“…In the end it’s not about finished words in a certain period of time. it’s about getting that critic out of the way and immersing yourself in a flow of pure creativity. Do that, and you’re ding well.”
-Johnny B. Truant
Writer’s block isn’t real.
Or at the very least it isn’t what you think it is. It’s definitely a cop-out, though. It’s putting the blame on something external, when the blame really lies with us.
“Writer’s block” is really one of two things:
1. Under-developed ideas
2. Over-developed ideas
Both are easy to fix once you get yourself out of your head and into the writing.
Under-developed ideas just require a bit of imagination to flesh out. It really is that simple. Write your idea down and expand upon it via list or mind-map or brain dump or however works best for you, just do it. Sitting at a computer screen or in front of a blank piece of paper hoping the words will come to you is most likely not going to work.
Creativity requires some limitation in order to be useful. So, direct it by creating parameters. You’re not writing ‘a story,’ you’re writing ‘a story about [insert parameter here]. It will reduce the number of paths your mind will wander down.
Over-developed ideas are what most often plague me. There’s this very loud and obnoxious internal critic that hates when I write imperfect prose and don’t fix it immediately. That critic is the other thing that keeps words off the page.

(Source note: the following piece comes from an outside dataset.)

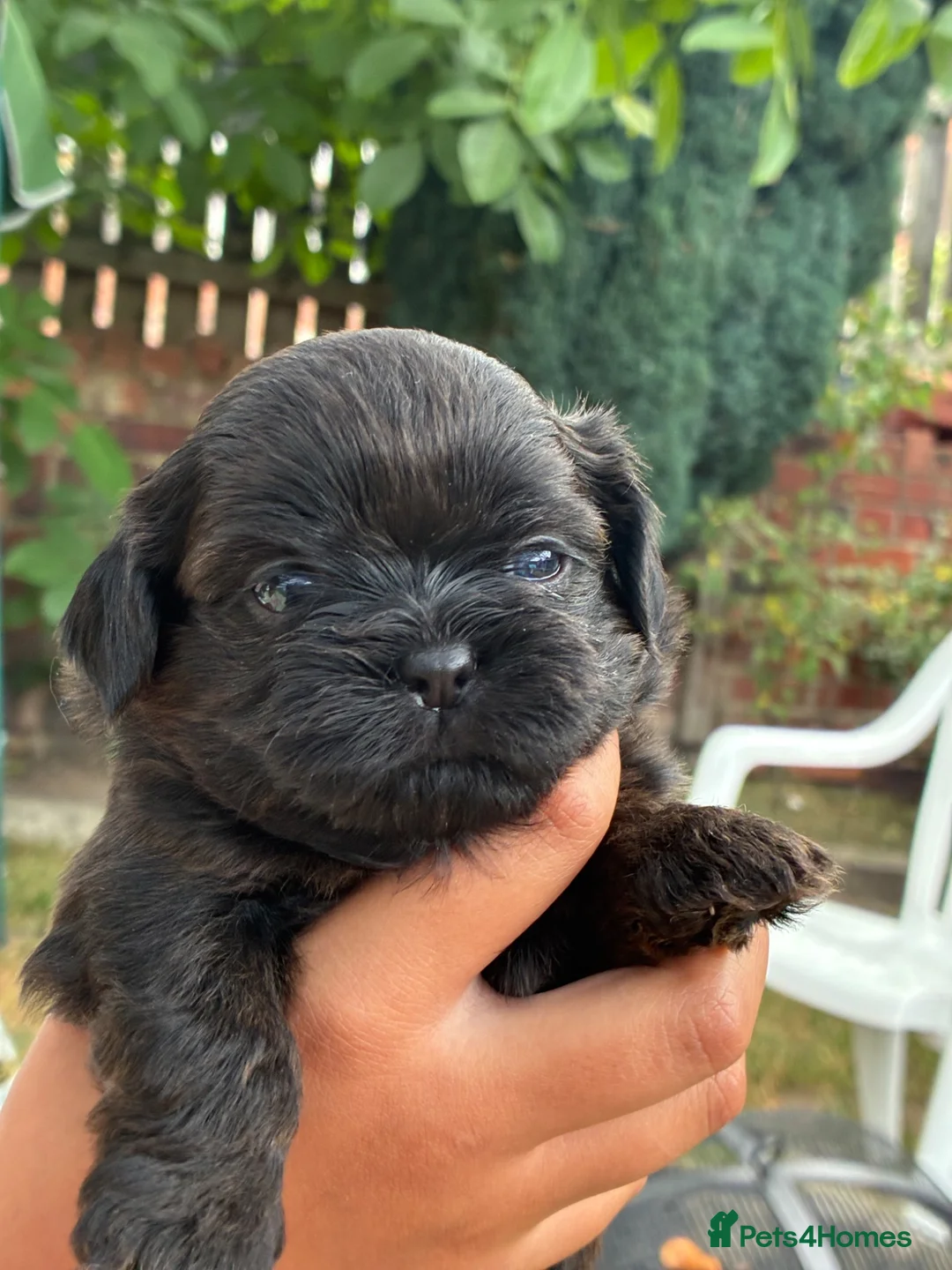 Shih Tzu dogs for sale: Beautiful Shih Tzu puppy - Advert 11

The longer I’m stuck on perfecting one section, the longer I’m NOT WRITING MORE WORDS. Which is kind of the opposite of what I’m trying to do here.
Fortunately, there is a remedy. It’s called “refusing to edit while writing the first draft.”

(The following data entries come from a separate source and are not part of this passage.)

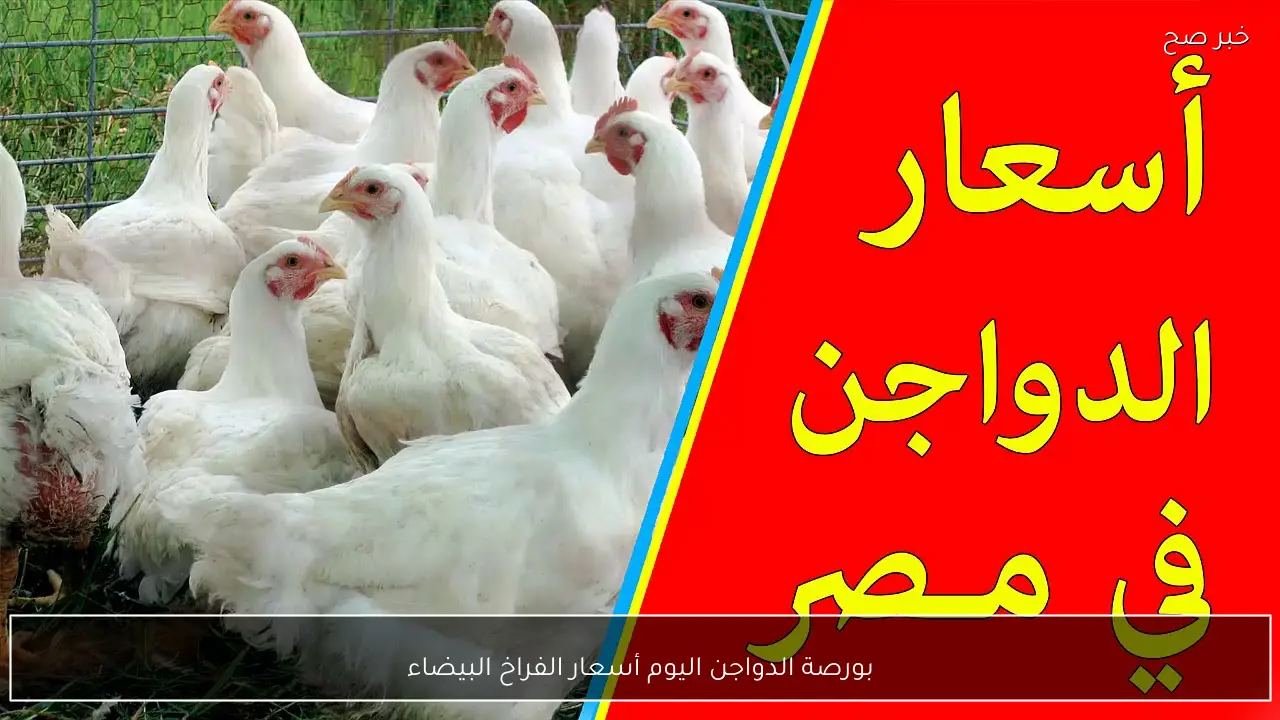 بورصة الدواجن اليوم في مصر.. تحديثات جديدة لأسعار الفراخ البيضاء والساسو والبلدي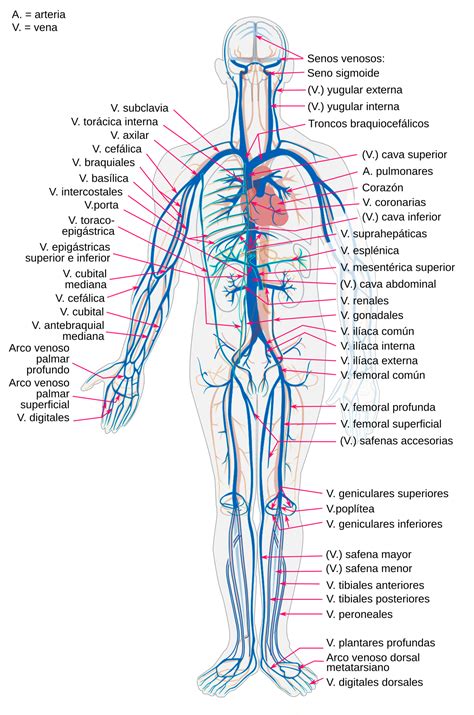 Diagrama del sistema de venas profundas en el cuerpo humano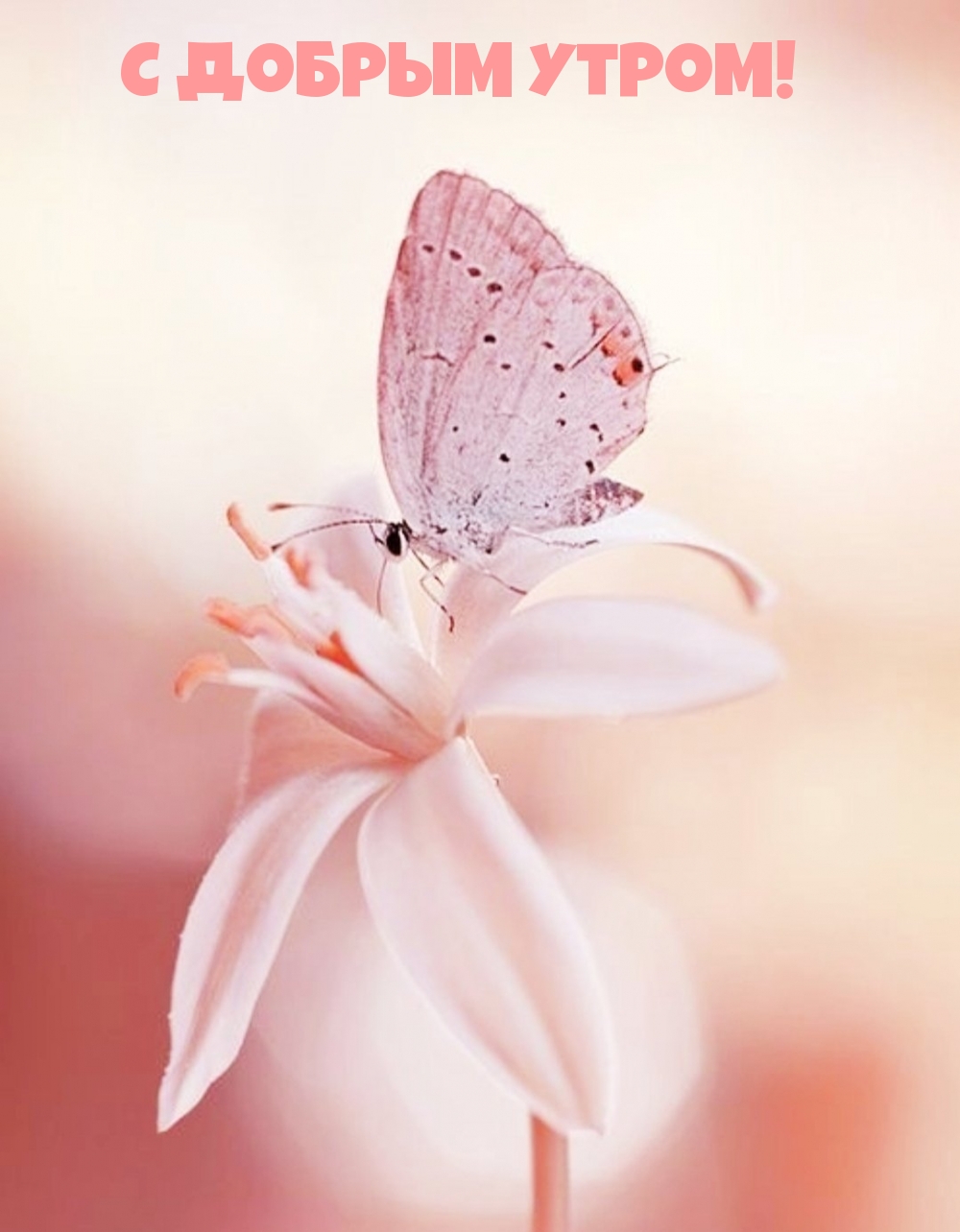 Бабочка на бежевом цветке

No editing during the composition of the first draft allowed. Make it a rule and stick to it. The inner critic will get used to being ignored until the editing phase(s).
We waste way too much time trying to write a perfect book the first time through. Just write the book. Edit it later. Write as fast as you are able to write, getting those raw, creatively fueled imaginings onto the page.
Save pretty prose for later.
Do now what is required of you now, and save tomorrow’s work for tomorrow. Before you know it your first draft will be done and your inner critic can have their way with the typo-ridden, chaotic story that you’ve written.